Based on the observation that causal genes of disease tend to be interconnected in common biological modules [1], the study of how disruption in these genetic networks lead to disease has been fundamental in the understanding of many complex diseases. In this regard, network biology has elucidated molecular networks causative of disease. For example, integration of co-expression networks and genotypic data identified networks associated with metabolic disease and causal genes for obesity [2,3]. An alternative method to discover novel causative disease genes is to explore the interconnectivity and distance of well-characterized genes to closely associated neighbors in a gene or protein interaction network. Using this strategy, novel susceptibility genes and underlying disease mechanisms were identified in Alzheimer’s disease (AD) [4].
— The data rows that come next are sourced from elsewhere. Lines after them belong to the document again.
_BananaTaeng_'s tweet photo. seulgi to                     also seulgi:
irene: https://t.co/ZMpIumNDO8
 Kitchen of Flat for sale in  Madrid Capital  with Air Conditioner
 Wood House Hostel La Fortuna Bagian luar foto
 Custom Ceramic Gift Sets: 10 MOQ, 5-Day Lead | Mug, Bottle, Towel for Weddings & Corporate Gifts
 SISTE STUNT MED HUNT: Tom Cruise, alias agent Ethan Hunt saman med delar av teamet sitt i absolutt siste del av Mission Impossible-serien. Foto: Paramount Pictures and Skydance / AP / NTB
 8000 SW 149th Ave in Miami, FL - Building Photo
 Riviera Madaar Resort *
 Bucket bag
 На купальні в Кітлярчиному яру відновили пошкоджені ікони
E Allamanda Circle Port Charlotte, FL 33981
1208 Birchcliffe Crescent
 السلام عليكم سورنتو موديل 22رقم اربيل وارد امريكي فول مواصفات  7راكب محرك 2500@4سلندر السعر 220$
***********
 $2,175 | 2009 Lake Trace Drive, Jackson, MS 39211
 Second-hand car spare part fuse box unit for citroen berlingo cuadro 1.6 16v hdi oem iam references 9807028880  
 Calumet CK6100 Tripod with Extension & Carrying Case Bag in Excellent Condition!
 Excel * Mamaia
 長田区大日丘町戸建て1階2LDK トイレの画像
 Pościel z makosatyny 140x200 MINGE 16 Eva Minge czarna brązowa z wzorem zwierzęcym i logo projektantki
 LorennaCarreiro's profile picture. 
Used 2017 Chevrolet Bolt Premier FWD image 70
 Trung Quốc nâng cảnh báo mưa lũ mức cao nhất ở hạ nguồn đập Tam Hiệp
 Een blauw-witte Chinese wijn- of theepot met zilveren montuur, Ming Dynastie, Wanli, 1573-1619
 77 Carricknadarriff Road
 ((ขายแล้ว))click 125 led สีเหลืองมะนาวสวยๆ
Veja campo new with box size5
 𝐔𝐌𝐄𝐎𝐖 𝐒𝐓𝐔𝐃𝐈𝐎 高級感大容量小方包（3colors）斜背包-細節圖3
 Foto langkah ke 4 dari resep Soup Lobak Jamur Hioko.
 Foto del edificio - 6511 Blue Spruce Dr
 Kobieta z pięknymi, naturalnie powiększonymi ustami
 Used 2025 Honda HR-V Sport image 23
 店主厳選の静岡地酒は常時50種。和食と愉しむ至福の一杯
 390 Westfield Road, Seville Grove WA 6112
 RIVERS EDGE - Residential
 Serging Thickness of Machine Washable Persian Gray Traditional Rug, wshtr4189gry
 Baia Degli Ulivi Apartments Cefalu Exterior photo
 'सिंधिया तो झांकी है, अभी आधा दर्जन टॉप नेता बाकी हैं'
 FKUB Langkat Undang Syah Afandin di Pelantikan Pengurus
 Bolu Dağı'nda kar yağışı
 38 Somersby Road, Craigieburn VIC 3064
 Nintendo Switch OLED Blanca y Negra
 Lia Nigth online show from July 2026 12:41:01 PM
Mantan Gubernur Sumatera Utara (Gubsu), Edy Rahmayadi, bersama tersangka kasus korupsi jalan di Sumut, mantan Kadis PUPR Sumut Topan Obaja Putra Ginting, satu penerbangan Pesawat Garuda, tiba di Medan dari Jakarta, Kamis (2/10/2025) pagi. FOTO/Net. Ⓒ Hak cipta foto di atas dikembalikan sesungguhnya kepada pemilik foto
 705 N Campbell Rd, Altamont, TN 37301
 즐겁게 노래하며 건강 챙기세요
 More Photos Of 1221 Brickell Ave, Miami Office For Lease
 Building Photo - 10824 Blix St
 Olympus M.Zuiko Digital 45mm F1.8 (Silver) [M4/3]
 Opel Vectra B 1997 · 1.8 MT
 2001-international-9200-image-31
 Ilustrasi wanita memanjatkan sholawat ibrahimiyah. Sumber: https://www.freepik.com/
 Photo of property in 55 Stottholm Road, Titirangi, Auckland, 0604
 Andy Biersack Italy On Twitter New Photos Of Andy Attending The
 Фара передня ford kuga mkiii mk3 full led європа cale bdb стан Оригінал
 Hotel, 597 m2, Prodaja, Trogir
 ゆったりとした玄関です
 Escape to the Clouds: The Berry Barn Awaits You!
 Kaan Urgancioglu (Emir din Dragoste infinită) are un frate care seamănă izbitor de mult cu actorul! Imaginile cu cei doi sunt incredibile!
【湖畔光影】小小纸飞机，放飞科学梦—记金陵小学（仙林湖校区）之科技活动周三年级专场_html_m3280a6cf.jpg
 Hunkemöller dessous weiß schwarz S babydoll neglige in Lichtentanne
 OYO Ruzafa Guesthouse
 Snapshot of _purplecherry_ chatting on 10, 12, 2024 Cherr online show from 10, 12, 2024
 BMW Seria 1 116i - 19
Another area of great interest is understanding disease comorbities. Network approaches have been useful in dissecting and providing insight into the underlying mechanism leading to concurrent diseases. Remarkably, analysis of the human metabolic network revealed that connected diseases with metabolic links displayed higher comorbidity than those with no metabolic links [5]. Given the intriguing hypothesis of a shared mechanisms leading to Parkinson’s disease and diabetes [6], this approach could provide insights into this relationship.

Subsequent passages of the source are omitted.